The Use of 2D Hydrodynamic Models to Predict and Evaluate Restoration Function
Jesse Robinson, PE
University of Louisville Stream Institute
Louisville, KY
Authors: Jesse Robinson, Art Parola, Mike Croasdaile, Bill Vesely
Stream Institute, J.B. Speed School of Engineering, University of Louisville, Louisville, Kentucky
2D hydrodynamic (2DHD) model outputs provide spatially distributed predictions of velocity, boundary shear stress and water depth which can be used to predict the hydraulic function of existing or planned restoration projects. This approach to hydraulic functional evaluation is complementary to the design phase vulnerability assessment that is a typical use of 2DHD models in restoration. Prediction of hydraulic function has multiple applications in restoration, including evaluating the expected benefits from projects constructed to improve water quality, guiding design modifications to increase retention of organic matter and sediment-bound phosphorus, defining potential stress to vegetation, and allowing for hydraulic functions to be considered when prioritizing investments in restoration.
The utility of hydraulic functional evaluation is demonstrated by a multi-year field study evaluating the reliability of 2DHD models to predict areas of vulnerability within restorations. The foundation of this study was the development of 2DHD models in 5 restoration sites located in the Maryland coastal plain of the Chesapeake Bay. High resolution terrain datasets were developed at each site to allow for 2DHD modeling to best approximate variable field conditions. Model development was combined with instrumentation of each site to permit calibration of models to observed flood events.
The results of this study show that each restoration site has distinct functional behavior that can be explained by 2DHD predictions. Areas within sites where 2DHD models predicted high velocities contained stream banks and floodplains with hydraulically stressed vegetation, bare soil due to scour, exposed basal gravels, and minimal retention of organic matter and sediments. Areas with low velocities showed the opposite: vegetation lacking scars or deformation, well vegetated stream banks and floodplains, and observable accumulations of organic matter and sediments.

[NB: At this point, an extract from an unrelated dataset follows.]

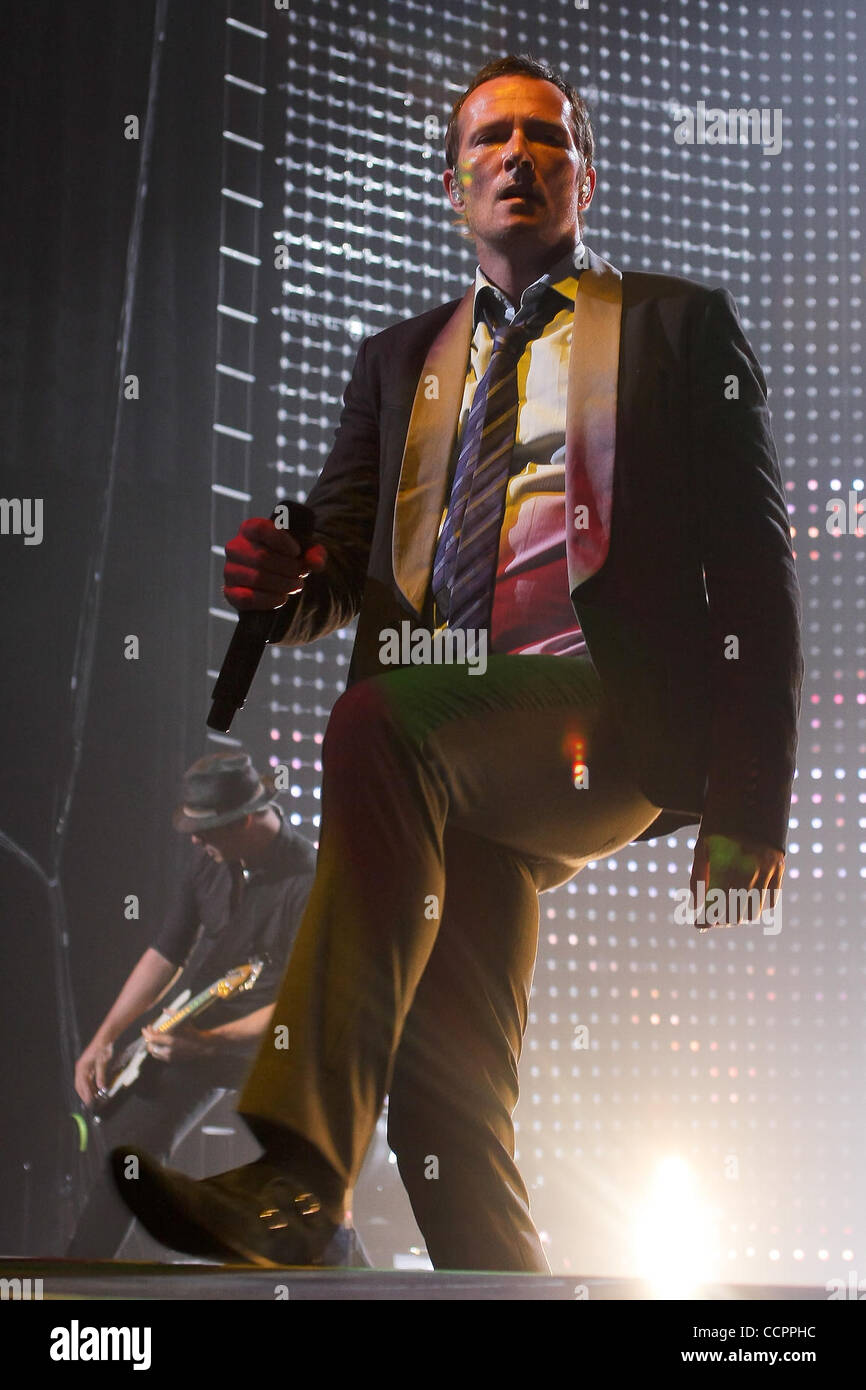 Ottobre 12, 2010 - Hollywood, Florida, Stati Uniti d'America - cantante Scott Weiland degli Stone Temple Pilots esegue Ottobre 12, 2010 at Hard rock dal vivo presso il Seminole Hotel and Casino in Hollywood, FL (credito Immagine: © Aaron Gilbert Southcreek/Global/ZUMApress.com) Foto Stock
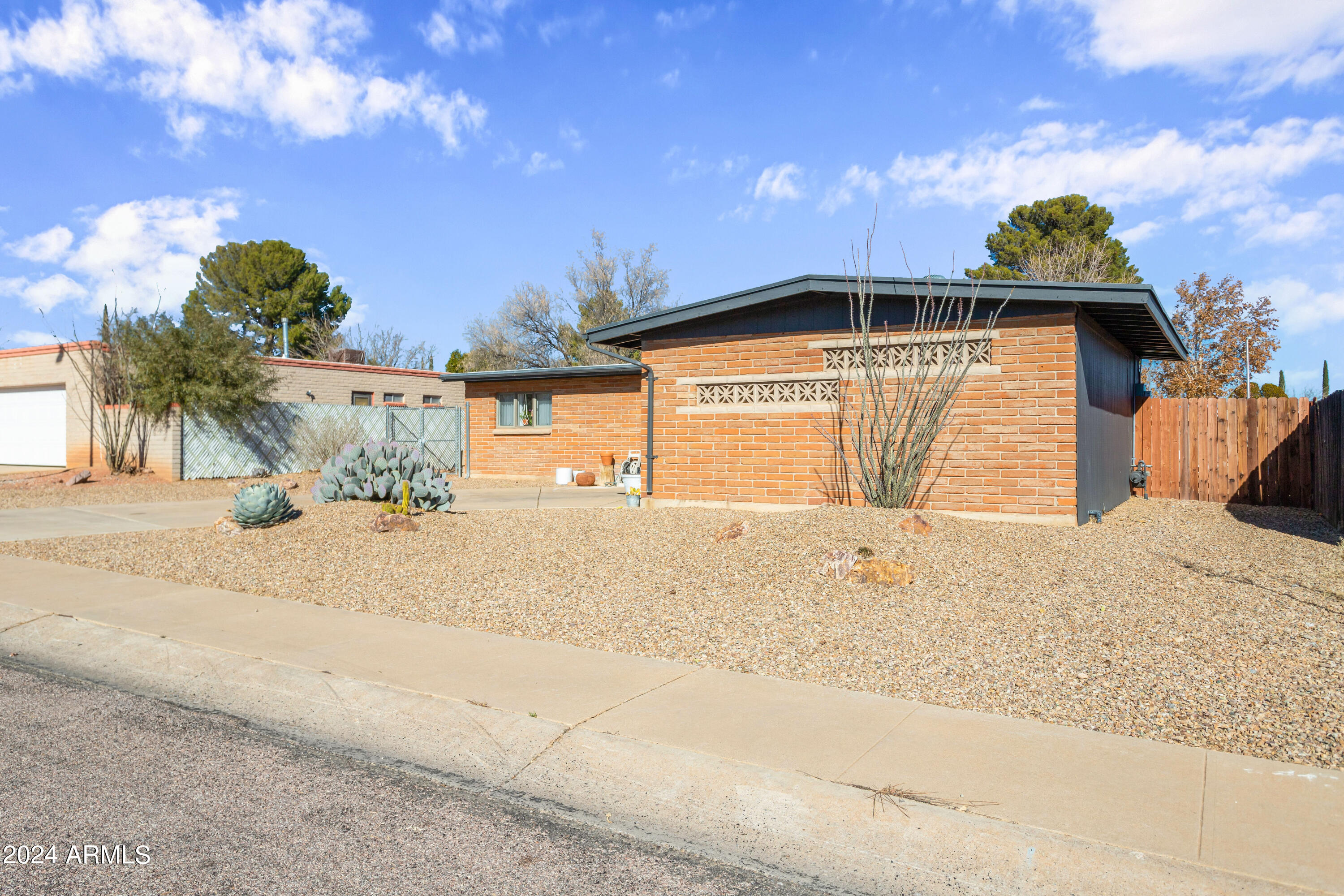 VISTA VILLAGE 2 - Residential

Additional 2DHD modeling of the 5 restoration sites using extreme event analysis allowed for predicting hydraulic functions across many events, revealing the potential for future loss of function in some areas while other areas remain resilient. The modeling of both frequently occurring and extreme events demonstrates the importance of predicting hydraulic function to aid in quantifying restoration performance and defining the functional behavior of each site.
About Jesse Robinson, PE
Jesse Robinson is a senior research engineer with the University of Louisville Stream Institute (ULSI) and an engineer with Riverine Systems, LLC. His work is in the design of custom stream and wetland restoration solutions, the investigation of functional response to restoration, and the development of techniques for advancing restoration assessment and design.